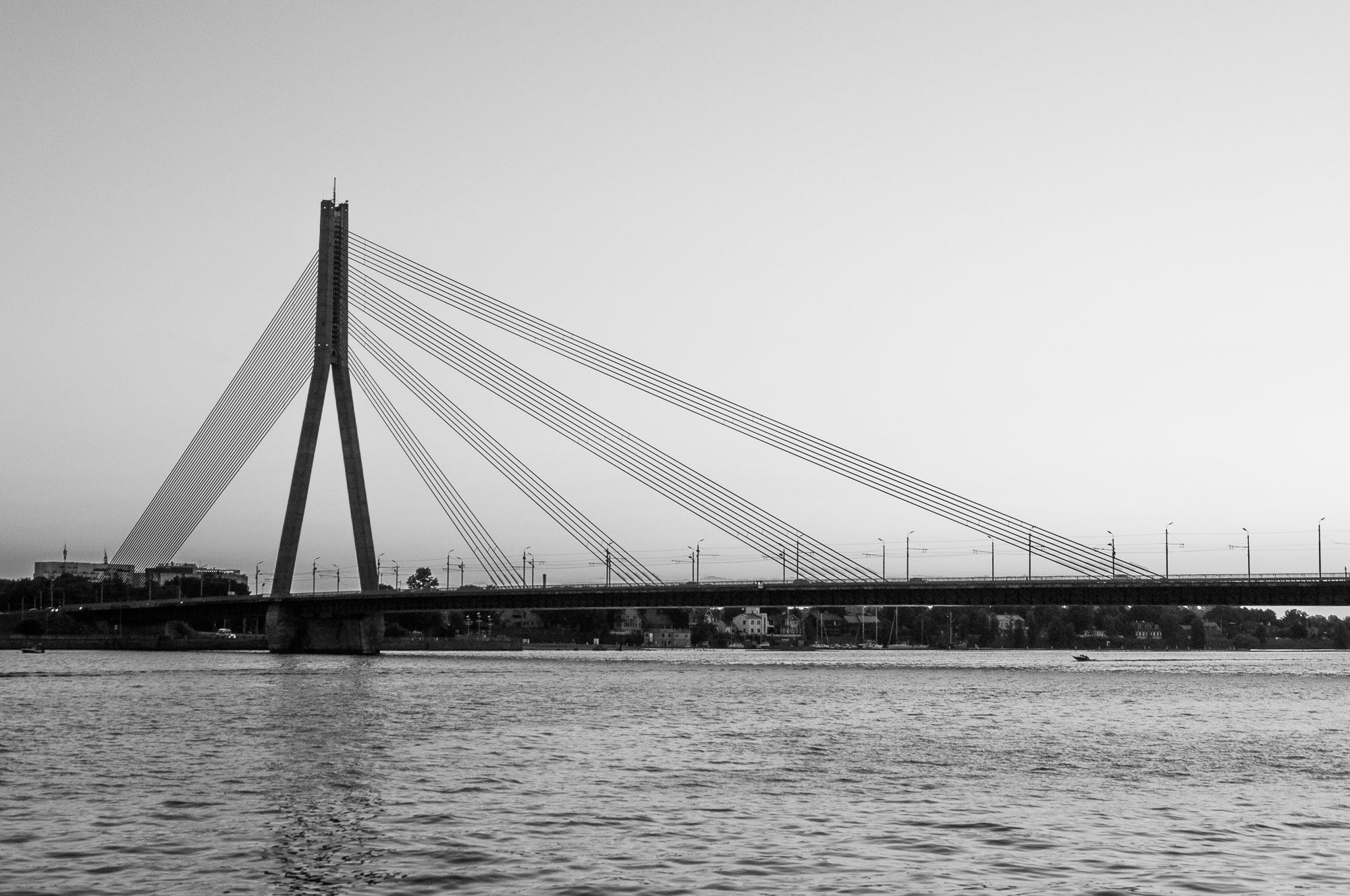Adam Mazek Photography 2021. Post: "Drink water!" Riga street photography. Minimalism. Bridge over Daugava river.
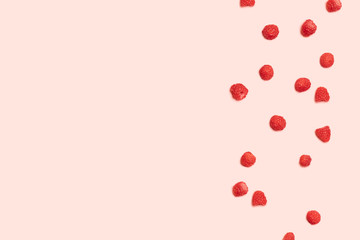 Pattern of raspberry on pink background. Flat lay. Top view. Food background with summer berries.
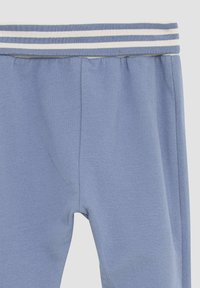 Jasnoniebieskie dresy o miękkiej teksturze, z prążkowanym pasem w talii z białymi paskami i luźnym krojem. Brak widocznych kieszeni.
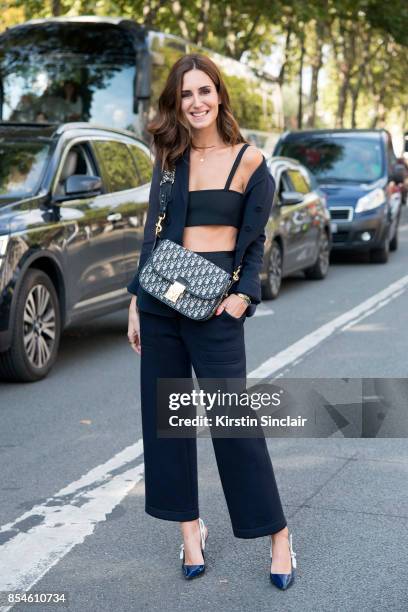 Fashion blogger Gala Gonzalez wears a Dior suit, top, bag and shoes day 1 of Paris Womens Fashion Week Spring/Summer 2018, on September 26, 2017 in...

◆ **Assignment**:
Your task is to retype exactly, and only, the lines from the one that holds "Pattern of raspberry" through the end of the listing, both end lines included, without any pictures.

◆ **Written response**:
 Pattern of raspberry on pink background. Flat lay. Top view. Food background with summer berries.
 Jasnoniebieskie dresy o miękkiej teksturze, z prążkowanym pasem w talii z białymi paskami i luźnym krojem. Brak widocznych kieszeni.
 Fashion blogger Gala Gonzalez wears a Dior suit, top, bag and shoes day 1 of Paris Womens Fashion Week Spring/Summer 2018, on September 26, 2017 in...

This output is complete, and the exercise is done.